Companion repository to the paper "Improving Spoken Language Modeling with Phoneme Classification: A Simple Fine-tuning Approach" accepted to EMNLP 2024.
Clone this repository:
git clone https://github.com/bootphon/spokenlm-phoneme.git
cd spokenlm-phoneme
You can then install this package and work from here.

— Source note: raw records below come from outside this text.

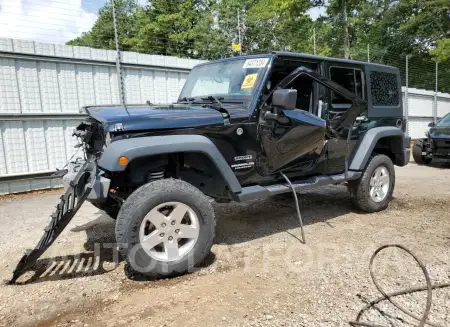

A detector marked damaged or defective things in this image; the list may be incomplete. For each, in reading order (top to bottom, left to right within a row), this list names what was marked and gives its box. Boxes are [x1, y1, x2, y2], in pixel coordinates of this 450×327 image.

crumpled hood [85, 104, 229, 132]
damaged front bumper [9, 158, 99, 284]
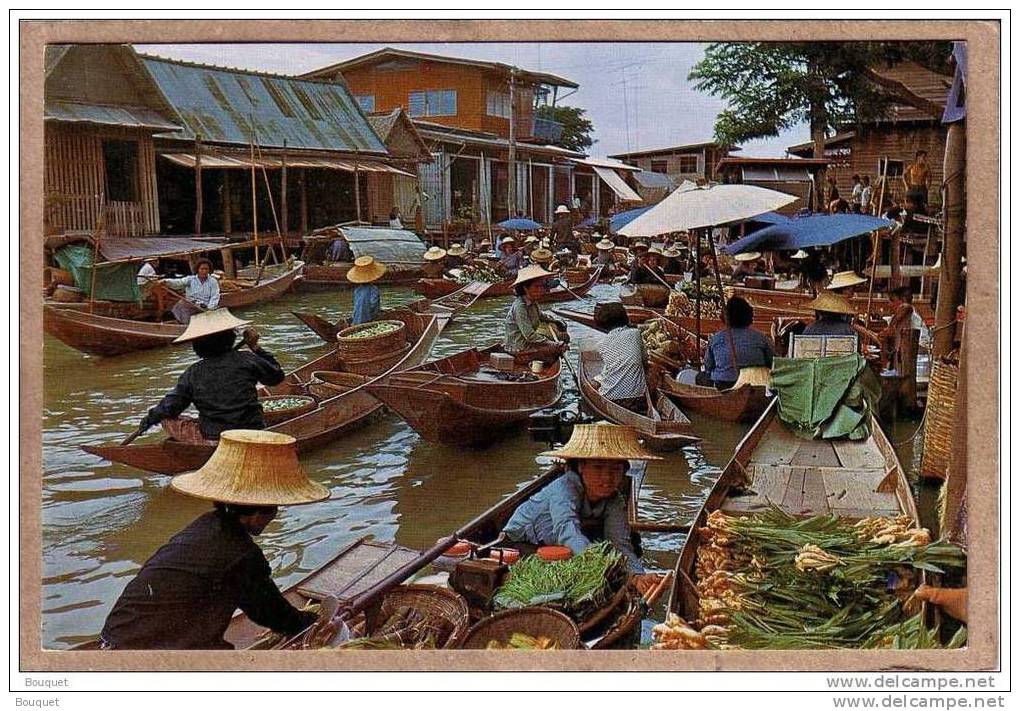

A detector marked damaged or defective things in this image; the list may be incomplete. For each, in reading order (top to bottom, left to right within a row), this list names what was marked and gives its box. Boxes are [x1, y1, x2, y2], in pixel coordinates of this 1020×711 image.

rusted metal roof [44, 99, 182, 130]
rusted metal roof [139, 55, 385, 154]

If you want to be sure that the dependencies are well resolved, you can use uv
and just run uv sync
.
This will create a virtual environment in .venv
and install this package.
Install the following tool to be able to compute the Mel-Cepstral distortion:
uv tool install mel-cepstral-distance -p 3.9
The fine-tuned HuBERT are here: https://huggingface.co/coml/hubert-phoneme-classification:
- To use the model fine-tuned on LibriSpeech train-clean-100:
from phonslm import HuBERTPhoneme model = HuBERTPhoneme.from_pretrained("coml/hubert-phoneme-classification")
- If you want to use the models fine-tuned on LibriLight limited, specify the duration to the
revision
identifier (10min, 1h or 10h):from phonslm import HuBERTPhoneme model = HuBERTPhoneme.from_pretrained("coml/hubert-phoneme-classification", revision="10min")
- Similarly for the models fine-tuned with the CTC loss:
from phonslm import HuBERTPhoneme model = HuBERTPhoneme.from_pretrained("coml/hubert-phoneme-classification", revision="ctc-100h")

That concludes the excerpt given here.